Um aspecto interessante deste artista que chamou minha atenção é forma detalhada como trabalha sua arte. Utilizando bastante cores frias e tons pastéis, pois seus cenários são grandiosos demonstrando profundidade (e principalmente nas imagens seus personagens se destacam pelo aspecto emocional).

É lógico que nesta parte devo salientar o texto de Mike W. Barr que consegue nos dar tal densidade voltado pra esses sentimentos. Podemos notar isto nas motivações pessoais de Batman, Talia,  R’as e Qayin que de tão consistentes parecem realmente estarem vivos.

Outra coisa que também chamou minha atenção foi a capa do uniforme que parece uma extensão do próprio Batman fazendo um complemento de sua personalidade sombria. E por falar em personalidade aqui temos mais um recordatório da origem do Morcegão  com direito a assassinato dos pais, juramento de vingança e a entrada do morcego pela janela.

A única diferença é que o morcego se parece demais com Kirk Langstron, o Morcego-Humano, que altera entre vilão e as vezes aliado do Cruzado de Capa.

Nesta aventura Batman se alia a Ra’s Al Ghul, um dos seus piores inimigos para poder deter Qayin que já havia sido seu  protegido há alguns anos atrás. A esposa de Ra’s morreu devido a obsessão de Qayin pelo Poço de Lázaro.

Por mais estranho que possa parecer além de aliar-se a Ra’s Batman também treina seus soldados ensinando técnicas de combate, casa com a estonteante Talia e ainda consome o ato nupcial transando com sua amada (não é á toa que puseram o gibi numa realidade paralela).

Algo que me deixou muito puto com Mike W. Barr foi justamente a maior felicidade da vida de BW ao saber que Talia estava grávida. Só que ela notou que Bruce renunciaria a tudo pra ser  um pai presente para a criança (era óbvio que queria mudar aquilo que aconteceu com seu passado).

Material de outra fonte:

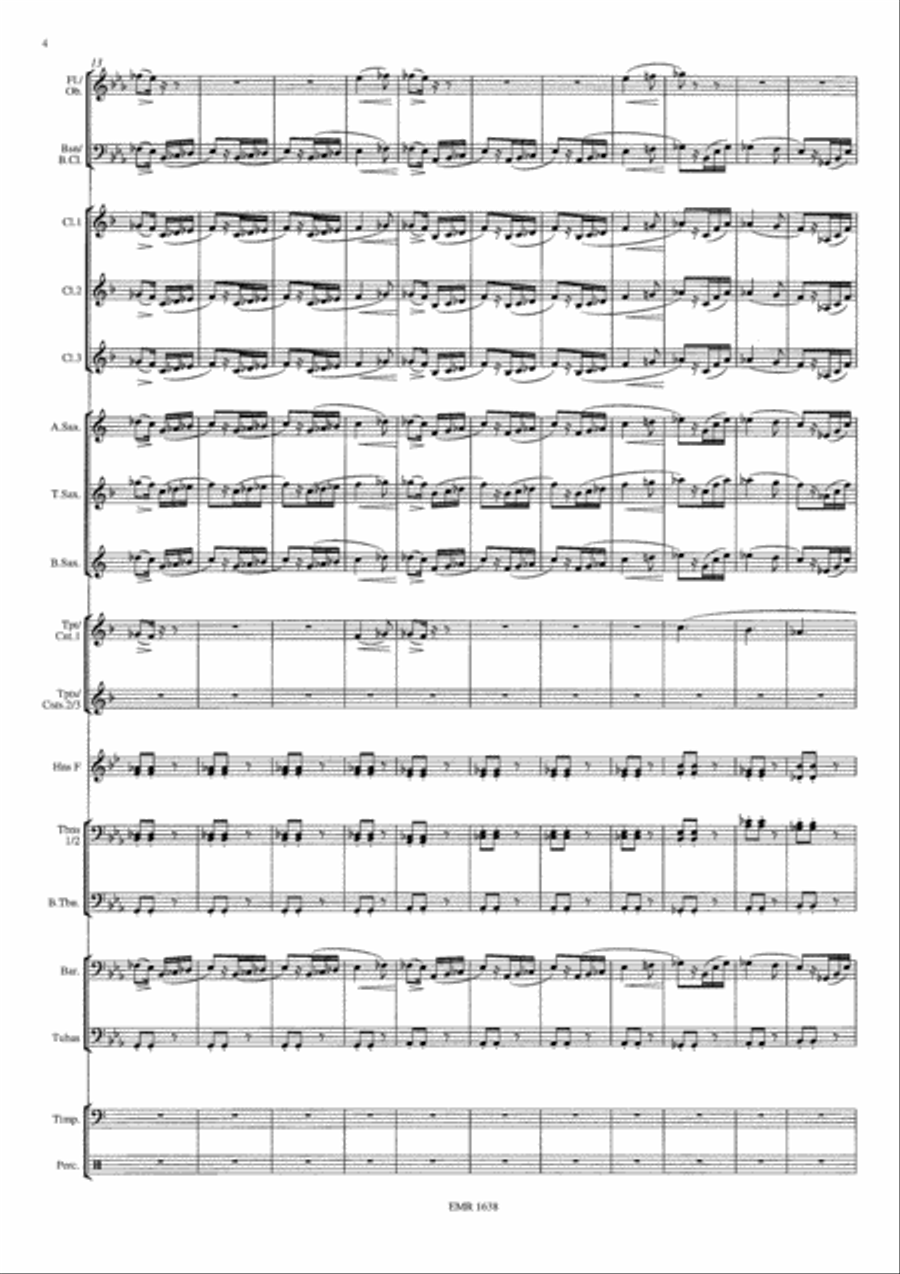 Jean de Florette - Manon des Sources Concert Band scores gallery preview page 5
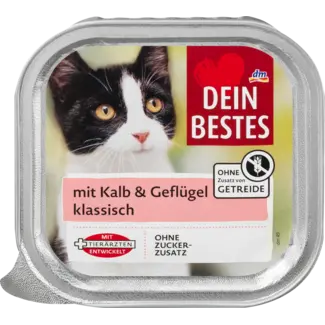 Dein Bestes Dein Bestes Katten Natvoer Met Kalf & Gevogelte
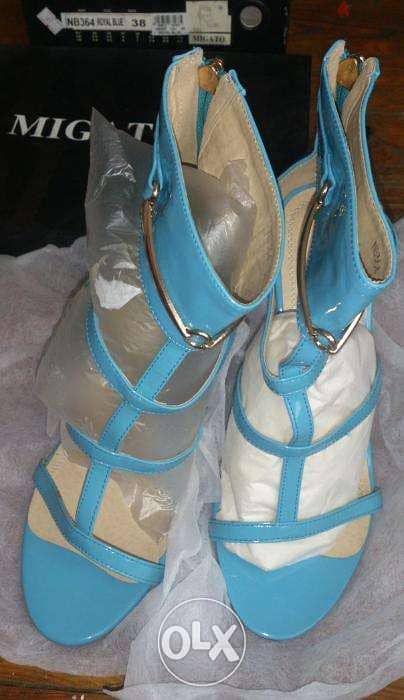 Migato Royal Blue high heel (10.5cm) size 38 5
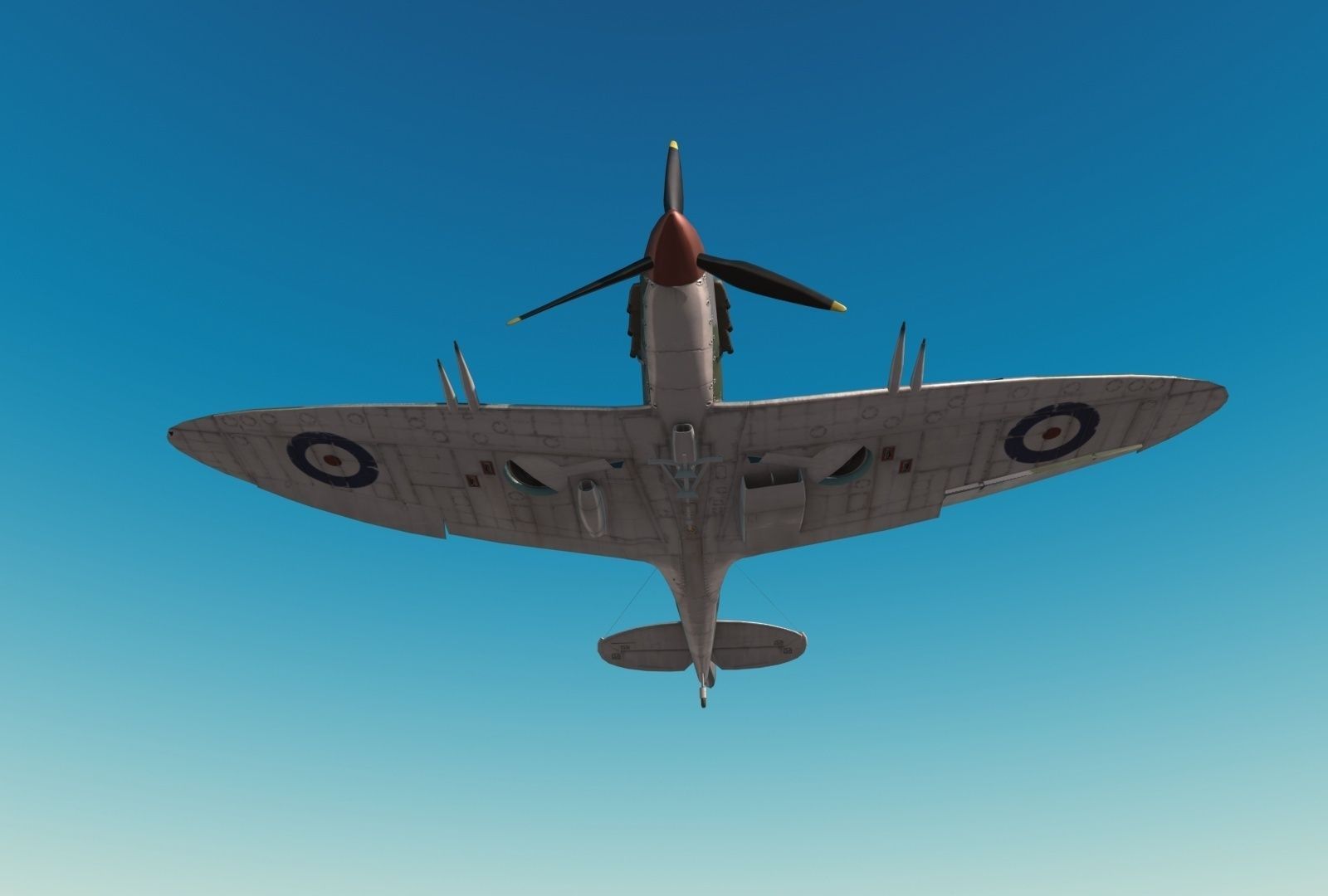 Supermarine Spitfire VB Low-poly 3D model_8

No entanto sua alegria não durou muito, porque pouco tempo depois veio a notícia da ”perda” do seu filho. Este foi um dos raríssimos momentos no qual podemos ver Bruce realmente deixar o fardo de sua vingança de lado e tentar ser uma pessoa comum.

Por mais que negue isso da boca pra fora este é o seu desejo mais íntimo não é a toa que esta edição virou um clássico.

Bom, só pra constar em outra obra marcante do mundo dos gibis, O Reino do Amanhã, o filho de Bruce com Talia chama-se  Ibn al Xu’ffasch, que significa em árabe “filho do morcego”. Ele parece ter um romance com Nighstar, a filha de Dick Grayson com a linda Estelar.

Voltando, O Filho do Dêmonio é uma aventura que evoca o período em que Denny O’Neil e Neal Adams trabalharam com o Morcegão, pois é uma aventura que realça seu lado detetivesco e abriu o precedente de colocar um herdeiro na linhagem da família Wayne. E só por isso torna-se uma leitura imprescindível pra quem gosta do herói.